CHILDREN are at risk of emotional trauma because of family and community distress caused by the coronavirus pandemic, warn experts, so what do parents say to their children when they ask about the crisis?
Nicola Palfrey, who is the director of the ANU Australian Child and Adolescent Trauma, Loss and Grief Network (ACATLGN), says its normal for children and adults to feel stressed during this time but says information needs to be delivered to children in a calm way so they understand it.
“Lots of people are anxious and children need some age-appropriate information about what’s going on for them,” she says.
“They need to know why they are not going to school and why we are so concerned about washing their hands.”
To help, the ACATLGN and the Emerging Minds National Workforce Centre for Child Mental Health have designed a suite of resources to help support adults and children before, during and after a traumatic event – with specific tips on COVID-19.

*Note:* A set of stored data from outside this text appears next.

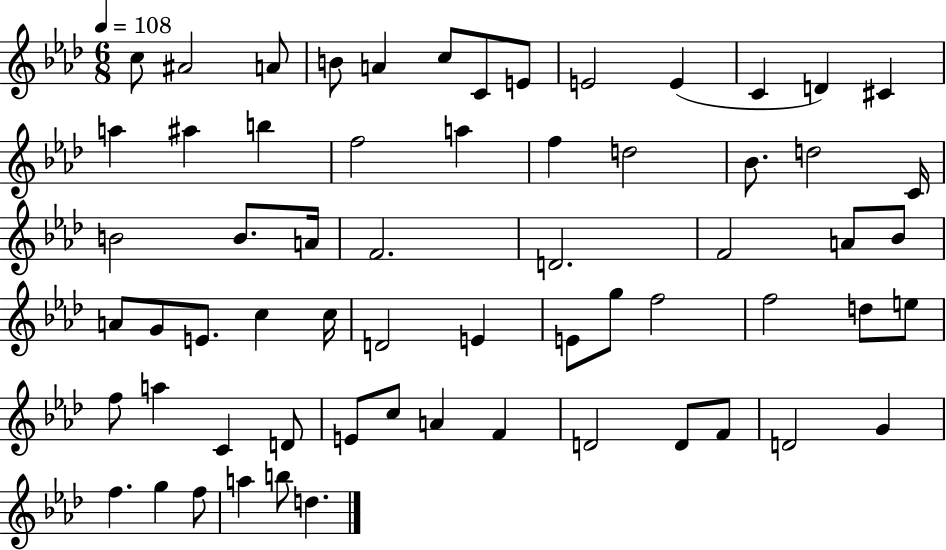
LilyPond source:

{
  \clef treble
  \numericTimeSignature
  \time 6/8
  \key aes \major
  \tempo 4 = 108
  c''8 ais'2 a'8 | b'8 a'4 c''8 c'8 e'8 | e'2 e'4( | c'4 d'4) cis'4 | \break a''4 ais''4 b''4 | f''2 a''4 | f''4 d''2 | bes'8. d''2 c'16 | \break b'2 b'8. a'16 | f'2. | d'2. | f'2 a'8 bes'8 | \break a'8 g'8 e'8. c''4 c''16 | d'2 e'4 | e'8 g''8 f''2 | f''2 d''8 e''8 | \break f''8 a''4 c'4 d'8 | e'8 c''8 a'4 f'4 | d'2 d'8 f'8 | d'2 g'4 | \break f''4. g''4 f''8 | a''4 b''8 d''4. | \bar "|."
}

“There are so many dynamics that are changing, and children need some reassurances,” Ms Palfrey says.
“Children may have stopped going to school, or they could be separated from their grandparents. It is a matter of checking in with them, asking them what they know and letting them lead the conversation.
“Provide facts about what has happened, explain what is going on now and give them clear information about how to reduce their risk of being infected by the disease, in words that they can understand depending on their age.”
Ms Palfrey says the resources have tips on how to limit media exposure and how to share calm bite-size pieces of information tailored to the right age group.
“It’s okay to share with your children that you are worried, but it’s important to not share panic with children,” she says.
“It would be easy for many children to think they might get this virus and they will die.”
Ms Palfrey says children may respond to stress in different ways such as being more clingy, anxious, withdrawing, angry or agitated.
She says it’s a common misconception that shielding children from bad news is best.
“Children need adults’ love and attention during difficult times. Give them extra time and attention. Remember to listen to your children, speak kindly and reassure them,” she says.
The National Workforce Centre also provides resources to support individuals and communities to speak with and support children and their families both practically and psychologically during stressful times, interact with children in ways that may enhance their resilience and wellbeing, support children and their families in the ongoing recovery process, understand the importance of self-care during ongoing stressful times, and identify emotional and behavioural difficulties in children that may indicate more ongoing, specialised support is required.